On the Possible Detectability of Image-in-Image Steganography

Imagine you have a beautiful, innocent-looking photograph of a sunny beach (the Cover). Now, imagine you want to hide a secret, high-resolution photo of a cat (the Payload) inside that beach photo without anyone noticing.

This is the world of Image-in-Image Steganography. It's like trying to hide a whole second movie inside a single frame of the first movie. In recent years, scientists have built "magic boxes" (using AI called Invertible Neural Networks) that can do this. They claim these boxes are so good that the beach photo looks exactly the same, even though it's secretly carrying the cat photo.

This paper asks a simple but crucial question: "Is this magic actually magic, or can we see the trick?"

Here is the breakdown of what the authors discovered, using some everyday analogies.

1. The "Magic" Trick (The Setup)

The AI models used to hide these images work like a sophisticated blender.
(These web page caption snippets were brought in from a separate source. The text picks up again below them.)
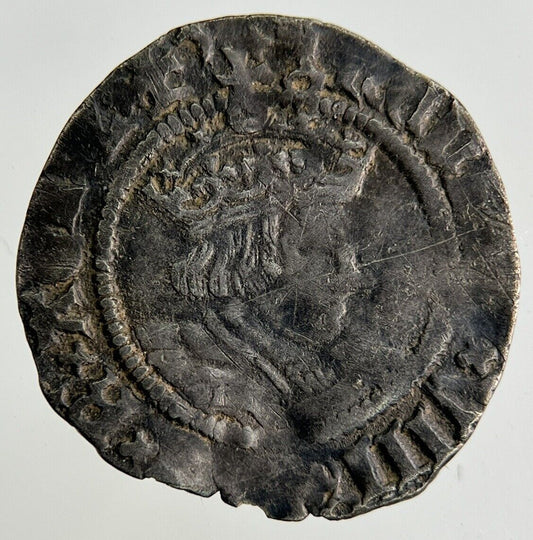 1526-32 Henry VIII Half-Groat Hammered Silver Coin | Fine Collectable Grade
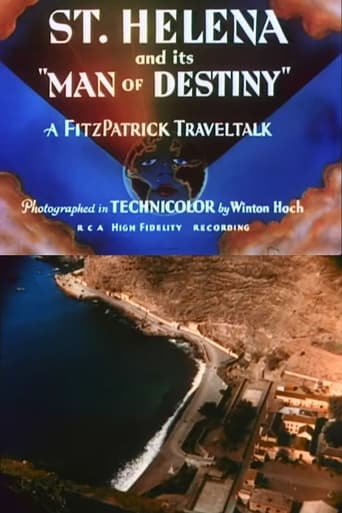 St. Helena and Its 'Man of Destiny' Poster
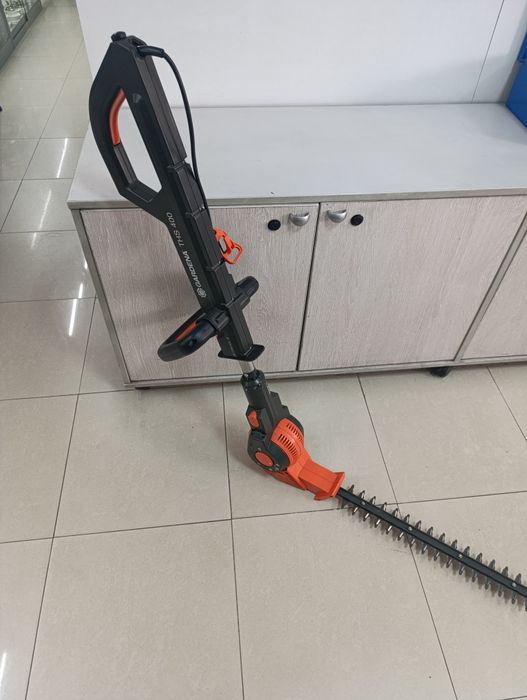 Электрический телескопический кусторез  Gardena THS 400 .Германия.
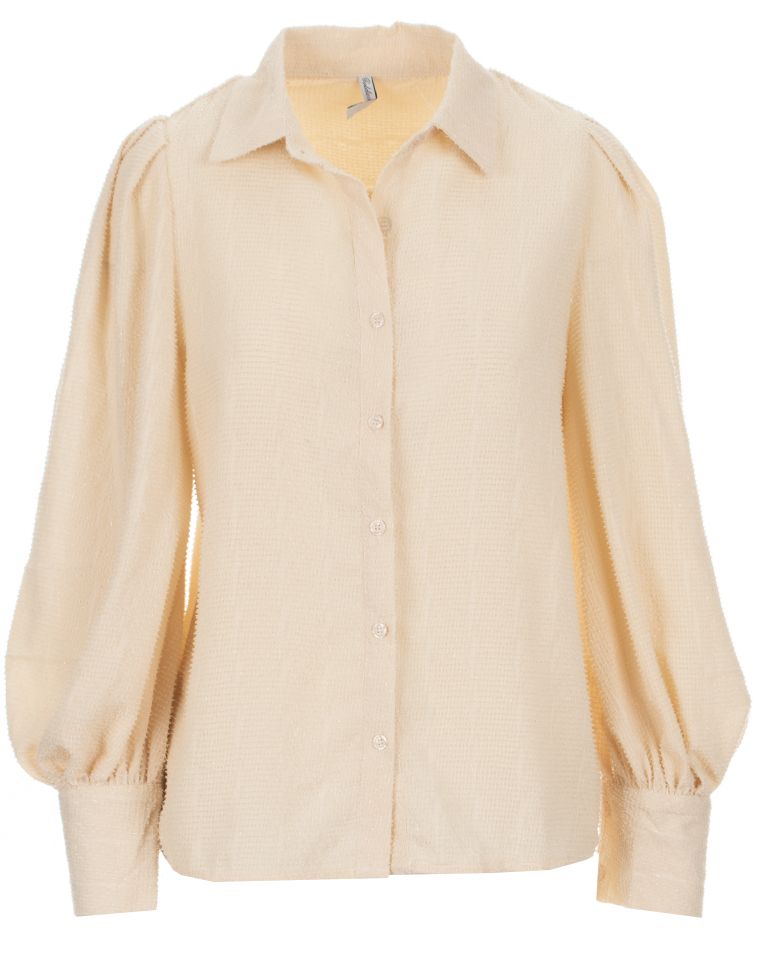 From Paris with Love Blouse Bente Beige 00077313-5200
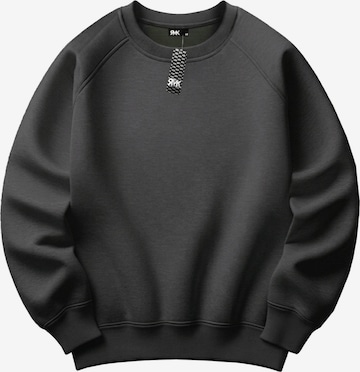 RMK Sweatshirt 'Pulli' in Grau: Vorderseite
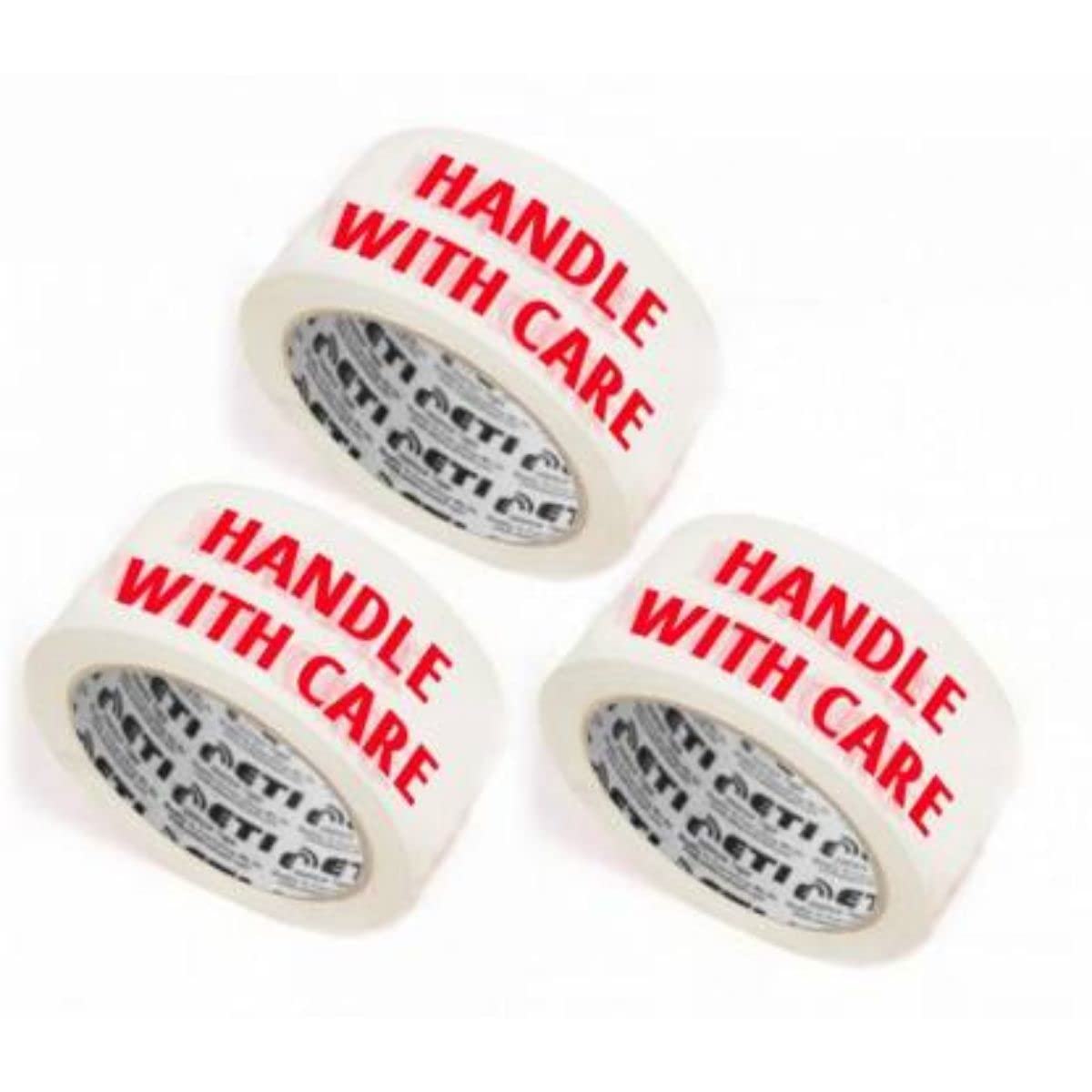 Pepino Best Handle With Care Printed/Cello Tape (Pack of 3)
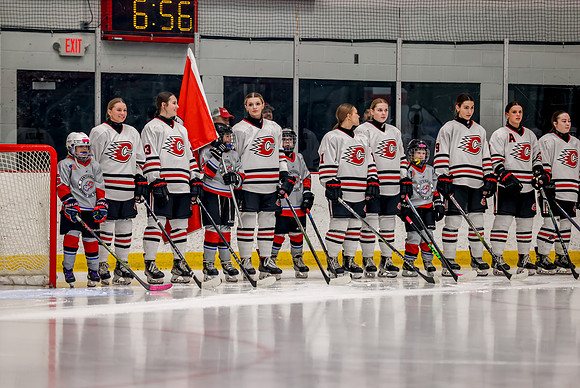 Centennial vs Roger Varsity Hockey 3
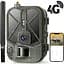Фотоловушка 4G камера для охоты с аккумулятором 8000 мАч Suntek HC-940Pro, передача 4К видео на смартфон (100968) - миниатюра 2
They take the "Beach" and the "Cat" and mix them together to create a new "Stego" image.

The Claim: The creators of these tools say, "Don't worry, the mix is perfect. You can't tell the difference."
The Reality: The authors found that the mixing process isn't perfect. It leaves a specific "smell" or "fingerprint" behind.

2. The Detective's Toolkit (The Method)

The authors didn't just guess; they built a detective kit to find the hidden cat. Their method is like a three-step process:

Step 1: The Wavelet Breakdown (The Prism)
Imagine shining a prism through the beach photo. Instead of seeing just the picture, the prism splits it into different layers of detail: the big shapes (low frequency) and the tiny textures (high frequency). The authors realized the "magic box" mostly hides the cat in the tiny textures of the beach photo.
Step 2: The "Noise" Filter (PCA)
When you look at all those layers, most of them are just the beach. But a few layers contain the "weirdness" added by the secret cat. The authors used a filter (called PCA) to ignore the boring beach layers and zoom in only on the weird, suspicious layers. It's like ignoring the background chatter at a party to focus on the one person whispering a secret.
Step 3: The "Unmixing" Machine (ICA)
This is the star of the show. They used a technique called Independent Component Analysis (ICA).
- The Analogy: Imagine you are at a cocktail party with two people talking at once. It's hard to hear either one clearly. But if you have a special microphone (ICA), you can isolate Person A's voice from Person B's voice, even though they were speaking over each other.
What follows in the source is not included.